Dokumentar- und Theaterprojekt
von Isabelle Kaiser und Peter Schütz
Etwas mehr als 20 Jahre nach dem Krieg auf dem Balkan wagen wir uns an eine Bestandsaufnahme: Wie sehen Slowenen, Mazedonier, Serben, Bosnier, Kroaten und Montenegriner heute das Jugoslawien von gestern? Welche Erinnerungen verbindet sie? Und wie stehen sie eigentlich zueinander? Helfen wird uns dabei ein Auto, ein Zastava 101.
Unsere erste Reise führt uns in die Schweiz. Wir möchten dort mit Menschen reden, die Ihre Heimat Jugoslawien vor längerer Zeit verlassen haben, aus den unterschiedlichsten Gründen, oder die als Kinder hierher kamen und wissen möchten, wo ihre Wurzeln sind.
Ist der Zastava oder der Yugo ein verbindendes Symbol für eine gemeinsame jugoslawische Kultur?
Böse Zungen behaupten, der Zastava Yugo sei das schlechteste Auto aller Zeiten. Witze erzählen davon, dass eine Tankfüllung schon seinen Kaufwert verdoppeln würde.
Er ist laut, eckig, schwer zu fahren und war schon während seiner Produktionsphase ein einziger Anachronismus. Er ist das Gegenstück zu Fortschritt und Stromlinienförmigkeit, eher gemütlich als schnell und bedeutet akute Lebensgefahr für seine Insassen.
Der Yugo ist sehr spartanisch in seiner Ausstattung und einfach zu reparieren. Schon wenn man sich in ihn hinein setzt, spürt man die Atmosphäre einer sepiafarbenen Welt, die überschaubar war, mit weniger Tempo und ohne digitale Überforderung. Keine komplizierte Elektronik, keinen überflüssigen Schnickschnack. Und er hat einen Krieg überlebt. Heute sieht man ihn noch hier und da auf dem Balkan, sehr häufig in Serbien, eher selten in Bosnien. Der Yugo steht für eine Zeit, die in der Rückschau nostalgisch leuchtet, er lässt Erinnerungen wach werden, die warm und verklärt sind. Jeder, ob Slowene, Serbe, Mazedoniern, Bosnier, Kroate oder Montenegriner hat seine spezielle Yugo-Geschichte.

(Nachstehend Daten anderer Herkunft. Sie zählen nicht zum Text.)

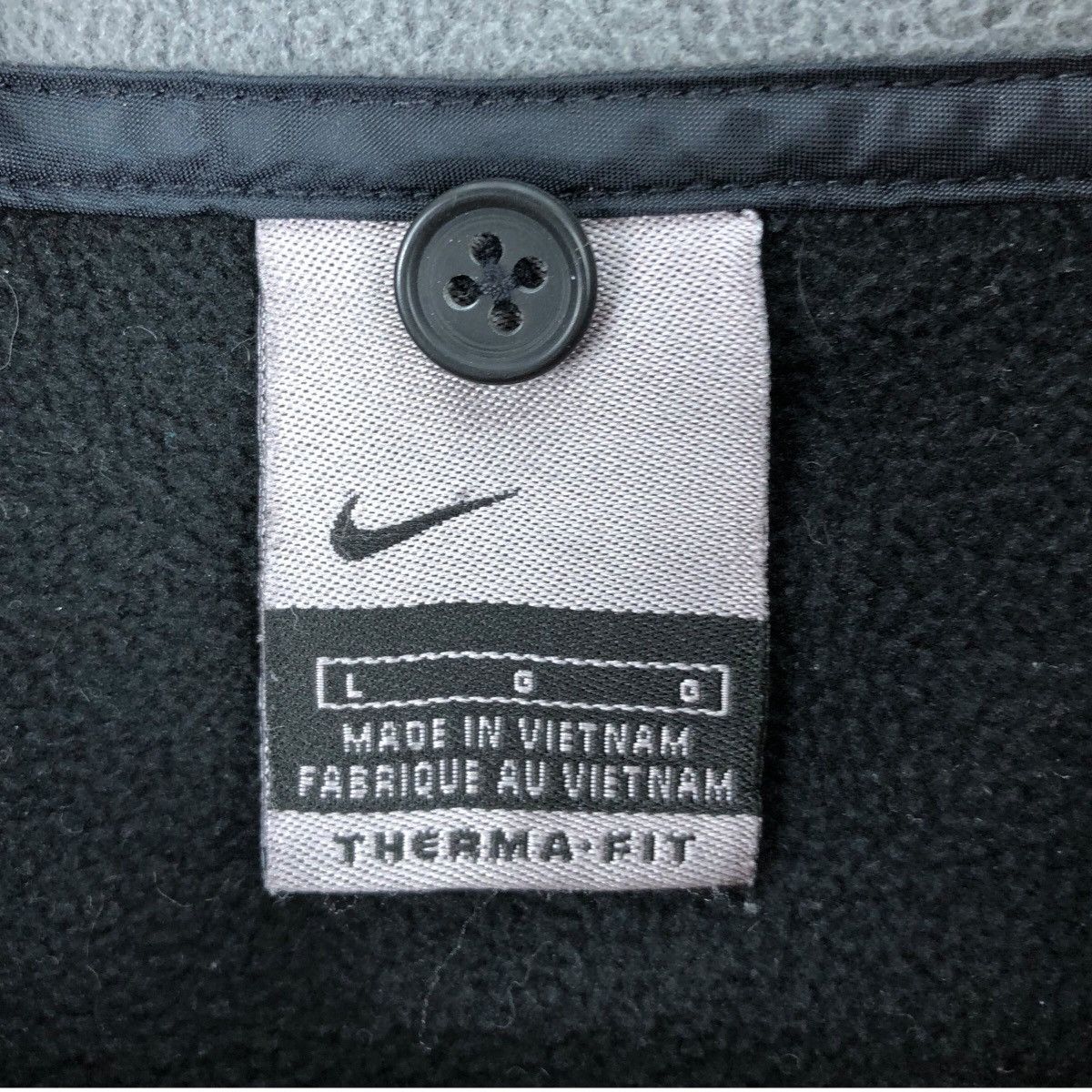 Nike × Vintage Vintage Y2k NIKE SWOOSH SPORTSWEAR Essential Small Jumper Size US L / EU 52-54 / 3 - 7 Thumbnail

War die Bezeichnung „Yugo“ erfunden worden, um dem Exportschlager einen schmissigen Namen und eine Identität zu geben, so wurde der Begriff „Jugo“ in der Schweiz oft als Schimpfwort gebraucht. Hier besteht ein ähnlicher Zusammenhang wie zwischen den „Tschingg“ und dem Fiat Cinquecento.

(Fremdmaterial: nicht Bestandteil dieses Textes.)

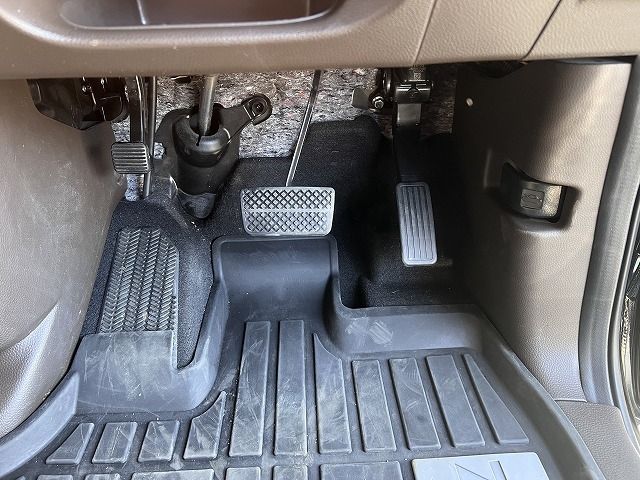 Honda N BOX 2021-11 181091-14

Wir suchen nach Menschen in der Schweiz, die mit uns ihre „Yugo“- oder „Jugo“-Geschichten teilen möchten. Was verbinden sie heute mit dem Auto? Gibt es noch so etwas wie ein jugoslawisches Gemeinschaftsgefühl? Hatten sie selbst einen Yugo in der Familie? Und mit welchen Vorstellungen sind sie in die Schweiz gekommen?
Warum machen wir das?
Wir sind seit einigen Jahren aus familiären und persönlichen Gründen mit dem Thema Jugoslawien verbunden. Das Ganze wurde befeuert durch einen längeren Rechercheaufenthalt in Belgrad und Sarajevo, wo Isabelle Kaiser ihre Familie mütterlicherseits besuchte. In Gesprächen über das alte Jugoslawien haben wir bei Vielen ein Leuchten in den Augen gesehen, egal ob in Serbien oder in Bosnien. Das Thema Krieg ruft dagegen eher Schweigen und Unwillen hervor.
Für uns ist die Reise mit dem Yugo ein Experiment und ein Test, inwieweit dieses Auto als Symbol der alten Zeiten die Herzen öffnen und Erinnerungen wach rufen kann. Uns geht es dabei nicht um historische Aufklärung, sondern um das Erspüren einer gemeinsamen Identität auf dem Balkan, wenn es so etwas überhaupt gibt.
Die Interviews sind Teil der Vorarbeiten für unsere Theateridee „Yugo Taxi“. In inszenierten Taxifahrten für jeweils bis zu 2 ZuschauerInnen und einen Schauspieler können alle Themen, die den Balkan bewegen diskutiert werden, nostalgisch, politisch oder emotional. Alte Geschichten kommen zum Vorschein, Ressentiments werden ausgepackt, vielleicht auch Klischees und Vorurteile.
War Jugoslawien vielleicht so etwas wie die Illusion eines westlich orientierten, weltoffenen Sozialismus?